Try it: Taking the line containing "İstanbul Otogarı'nda korkutan görüntüler!" as the first and the last line of the entries as the end, reproduce every line between them exactly, including both.

Top of Record extracts

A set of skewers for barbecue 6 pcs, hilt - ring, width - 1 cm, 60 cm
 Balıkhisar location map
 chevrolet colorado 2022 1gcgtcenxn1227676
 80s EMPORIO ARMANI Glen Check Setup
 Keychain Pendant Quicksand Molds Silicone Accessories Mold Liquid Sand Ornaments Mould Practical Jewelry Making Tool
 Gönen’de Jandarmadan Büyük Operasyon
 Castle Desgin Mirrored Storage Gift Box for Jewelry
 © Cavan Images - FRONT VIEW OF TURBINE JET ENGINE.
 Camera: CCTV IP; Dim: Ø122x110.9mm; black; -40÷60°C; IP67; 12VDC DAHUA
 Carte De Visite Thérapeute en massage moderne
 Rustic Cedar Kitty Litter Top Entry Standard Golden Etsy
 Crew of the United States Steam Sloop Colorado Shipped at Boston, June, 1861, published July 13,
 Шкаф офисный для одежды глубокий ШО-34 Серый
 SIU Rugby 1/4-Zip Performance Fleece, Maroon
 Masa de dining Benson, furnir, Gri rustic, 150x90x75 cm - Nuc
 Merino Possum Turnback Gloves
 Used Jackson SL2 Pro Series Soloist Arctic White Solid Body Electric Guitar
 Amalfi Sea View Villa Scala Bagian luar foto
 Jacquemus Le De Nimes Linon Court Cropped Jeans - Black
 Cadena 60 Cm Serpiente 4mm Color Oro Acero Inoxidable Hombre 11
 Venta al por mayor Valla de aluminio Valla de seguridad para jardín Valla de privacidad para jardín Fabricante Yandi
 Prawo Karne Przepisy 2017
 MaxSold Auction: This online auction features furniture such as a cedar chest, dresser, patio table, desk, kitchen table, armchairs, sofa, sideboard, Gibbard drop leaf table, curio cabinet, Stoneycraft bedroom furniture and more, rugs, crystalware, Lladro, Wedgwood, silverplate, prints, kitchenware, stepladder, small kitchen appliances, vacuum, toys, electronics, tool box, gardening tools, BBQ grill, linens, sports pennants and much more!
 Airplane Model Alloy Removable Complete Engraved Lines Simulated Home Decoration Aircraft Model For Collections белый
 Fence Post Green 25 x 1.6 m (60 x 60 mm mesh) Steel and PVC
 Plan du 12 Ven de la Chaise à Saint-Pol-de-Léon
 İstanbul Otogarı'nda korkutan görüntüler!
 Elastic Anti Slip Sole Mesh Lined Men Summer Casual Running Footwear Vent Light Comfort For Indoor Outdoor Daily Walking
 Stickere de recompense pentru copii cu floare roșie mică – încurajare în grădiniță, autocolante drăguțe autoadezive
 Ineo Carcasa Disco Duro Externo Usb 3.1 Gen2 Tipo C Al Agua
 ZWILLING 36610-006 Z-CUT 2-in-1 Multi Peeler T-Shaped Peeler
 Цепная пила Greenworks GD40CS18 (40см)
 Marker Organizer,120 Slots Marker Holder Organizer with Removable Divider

Bottom of Record extracts

Output for this exercise:
 İstanbul Otogarı'nda korkutan görüntüler!
 Elastic Anti Slip Sole Mesh Lined Men Summer Casual Running Footwear Vent Light Comfort For Indoor Outdoor Daily Walking
 Stickere de recompense pentru copii cu floare roșie mică – încurajare în grădiniță, autocolante drăguțe autoadezive
 Ineo Carcasa Disco Duro Externo Usb 3.1 Gen2 Tipo C Al Agua
 ZWILLING 36610-006 Z-CUT 2-in-1 Multi Peeler T-Shaped Peeler
 Цепная пила Greenworks GD40CS18 (40см)
 Marker Organizer,120 Slots Marker Holder Organizer with Removable Divider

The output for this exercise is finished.